- [About this exercise]
Return each line of the data below exactly, omitting any pictures.

──────── Data shown

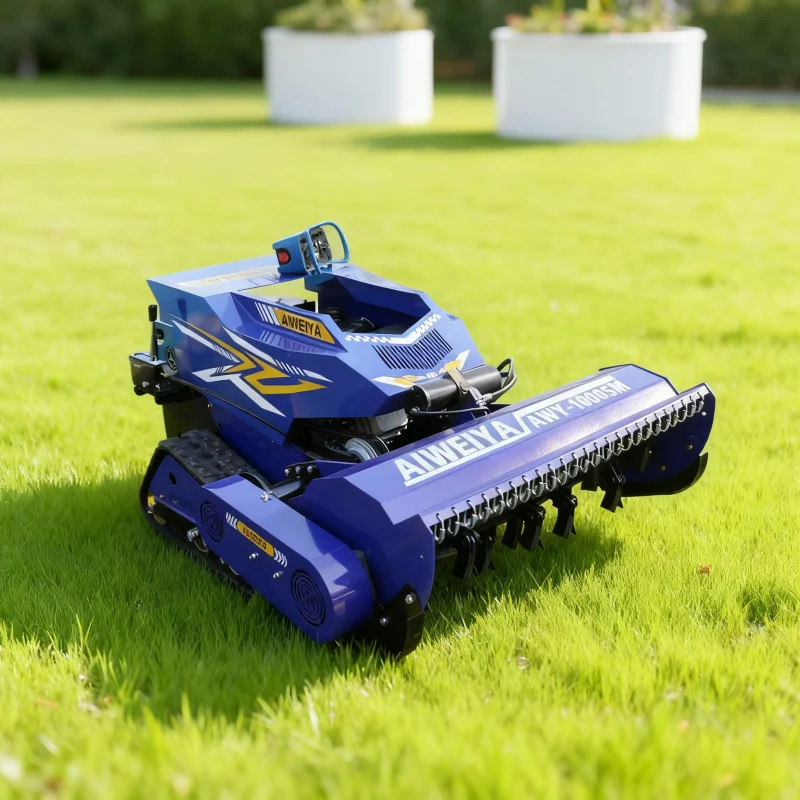 

Customized Upgraded Remote Control Flail Lawn Mower – High Cost-Effective Grass Cutter for Sale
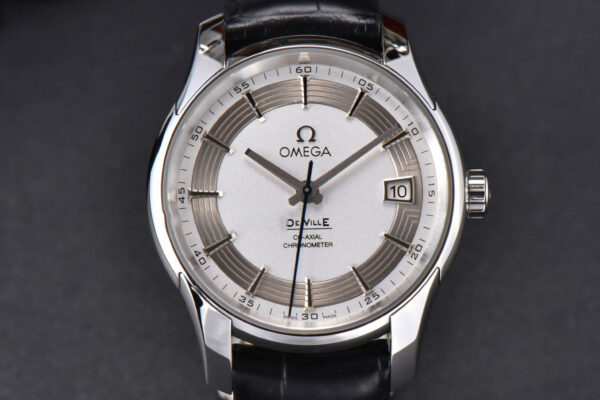 De Ville Hour Vision VSF 41MM White/Silver Dial Black Croco Strap A8500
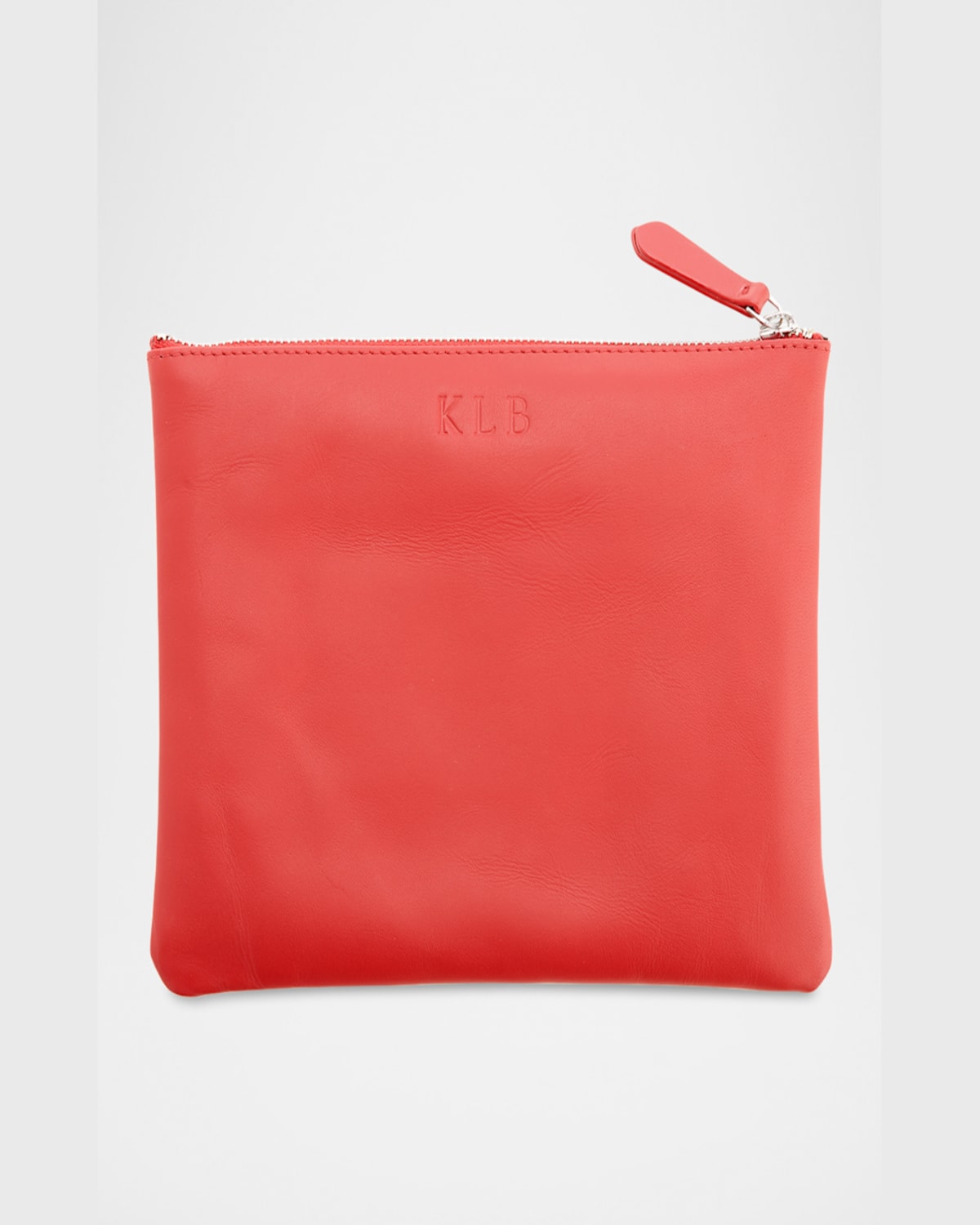 Royce New York Zippered Travel Organizer Pouch In Red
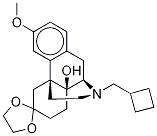 (-)-3-Methoxy Butorphanol 6-Ethylene Ketal Structure,67753-31-5Structure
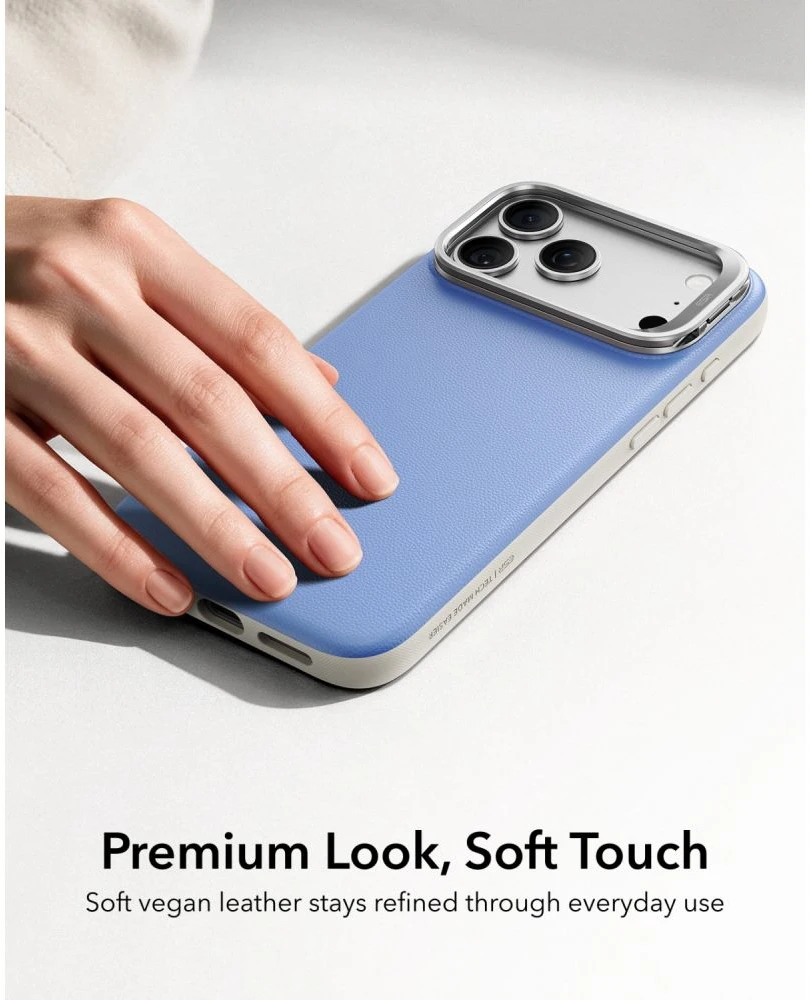 Dėklas ESR Atelier Kickstand MagSafe Case for iPhone 18 Pro / 17 Pro - Light Mėlyna
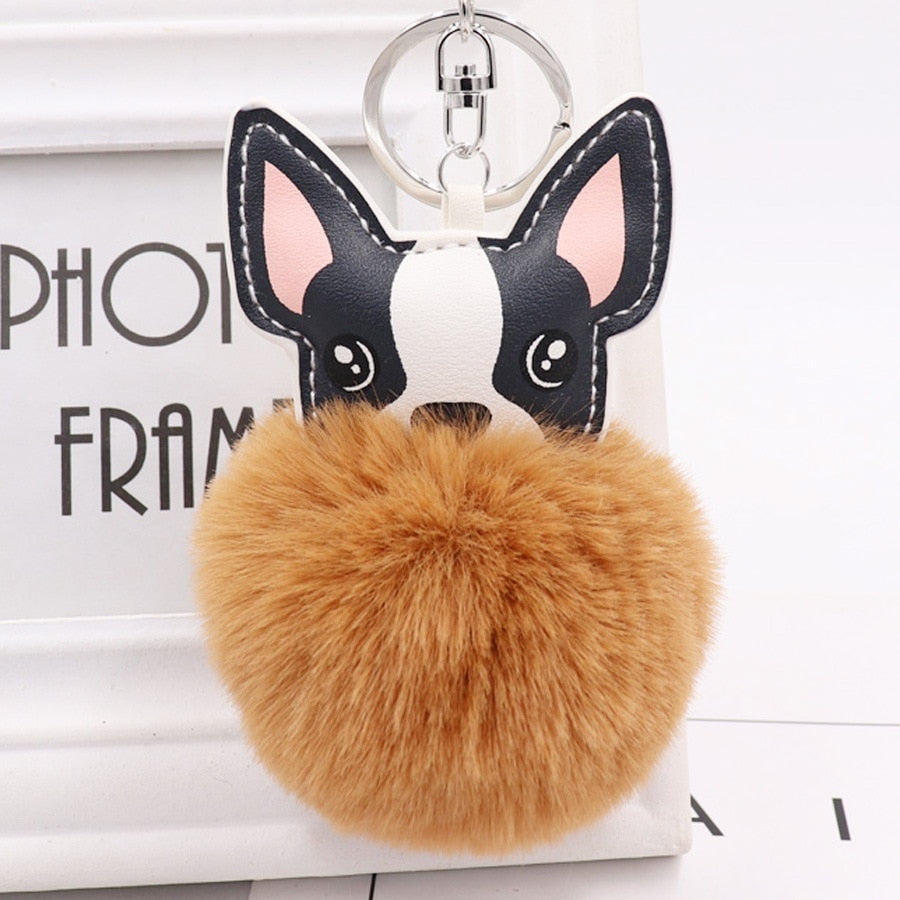 Fluffy Chihuahua keychains by SB (2pcs pack)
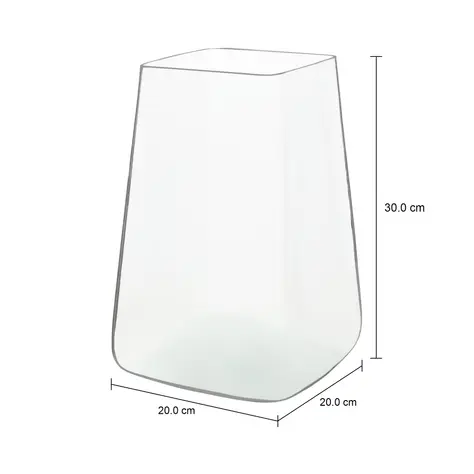 Imagem com medidas do produto VASO 30 CM RAVINA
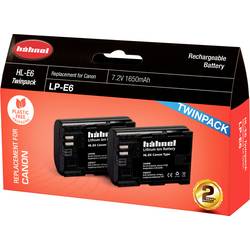 Hähnel Fototechnik HL-E6, 2er akumulátor do kamery Náhrada za orig. akumulátor LP-E6 7.2 V 1650 mAh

────────────────

- [Your response]
Customized Upgraded Remote Control Flail Lawn Mower – High Cost-Effective Grass Cutter for Sale
 De Ville Hour Vision VSF 41MM White/Silver Dial Black Croco Strap A8500
 Royce New York Zippered Travel Organizer Pouch In Red
 (-)-3-Methoxy Butorphanol 6-Ethylene Ketal Structure,67753-31-5Structure
 Dėklas ESR Atelier Kickstand MagSafe Case for iPhone 18 Pro / 17 Pro - Light Mėlyna
 Fluffy Chihuahua keychains by SB (2pcs pack)
 Imagem com medidas do produto VASO 30 CM RAVINA
 Hähnel Fototechnik HL-E6, 2er akumulátor do kamery Náhrada za orig. akumulátor LP-E6 7.2 V 1650 mAh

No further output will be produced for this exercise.